--- Input for this task Enclosed Below ---
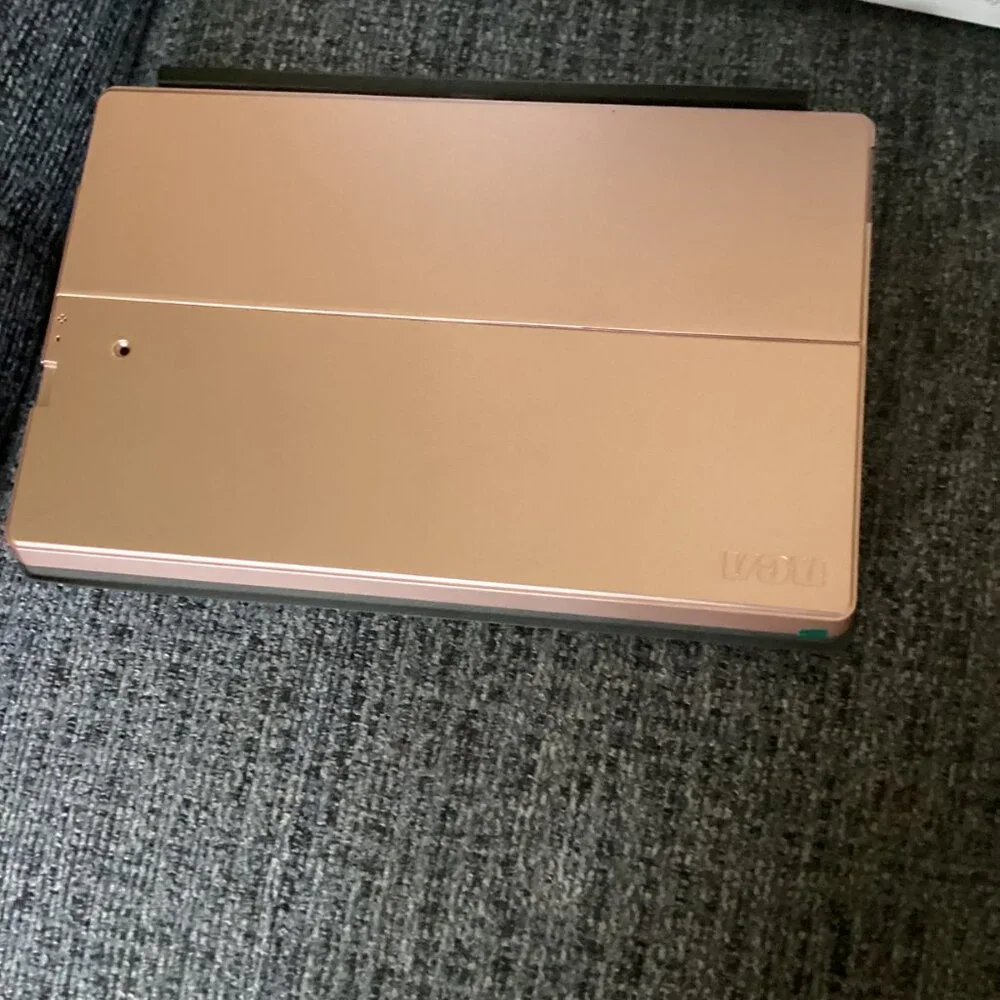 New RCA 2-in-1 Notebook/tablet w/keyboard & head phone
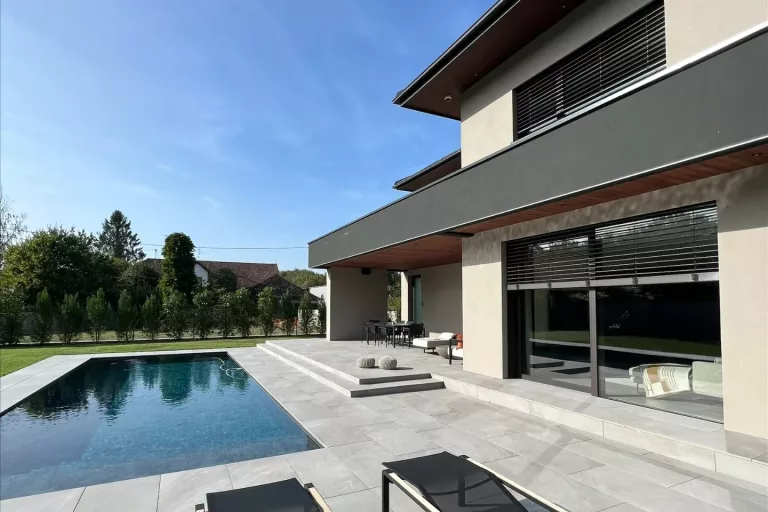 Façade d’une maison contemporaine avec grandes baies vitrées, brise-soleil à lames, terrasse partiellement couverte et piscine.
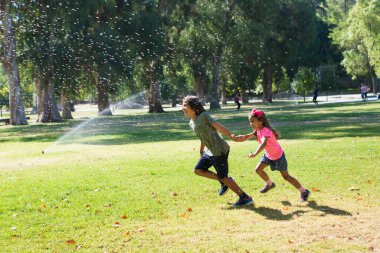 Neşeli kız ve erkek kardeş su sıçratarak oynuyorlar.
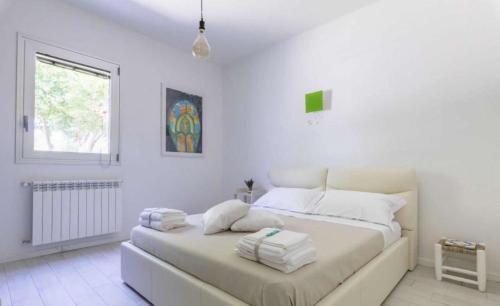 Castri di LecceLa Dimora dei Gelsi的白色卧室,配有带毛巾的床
--- End of Enclosed Input for this task ---
--- Input for this task Enclosed Below ---
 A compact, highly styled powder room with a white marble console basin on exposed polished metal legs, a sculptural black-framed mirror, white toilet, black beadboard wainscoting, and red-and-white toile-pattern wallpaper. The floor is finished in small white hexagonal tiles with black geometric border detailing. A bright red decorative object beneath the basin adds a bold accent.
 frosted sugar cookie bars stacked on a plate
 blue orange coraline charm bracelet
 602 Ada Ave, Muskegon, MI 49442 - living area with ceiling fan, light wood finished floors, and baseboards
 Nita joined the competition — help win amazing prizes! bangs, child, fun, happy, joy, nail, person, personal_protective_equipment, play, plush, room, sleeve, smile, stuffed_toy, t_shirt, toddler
--- End of Enclosed Input for this task ---
Activity: A single number is required: the count of lines in the data above that include the word "with".

Solved exercise: 2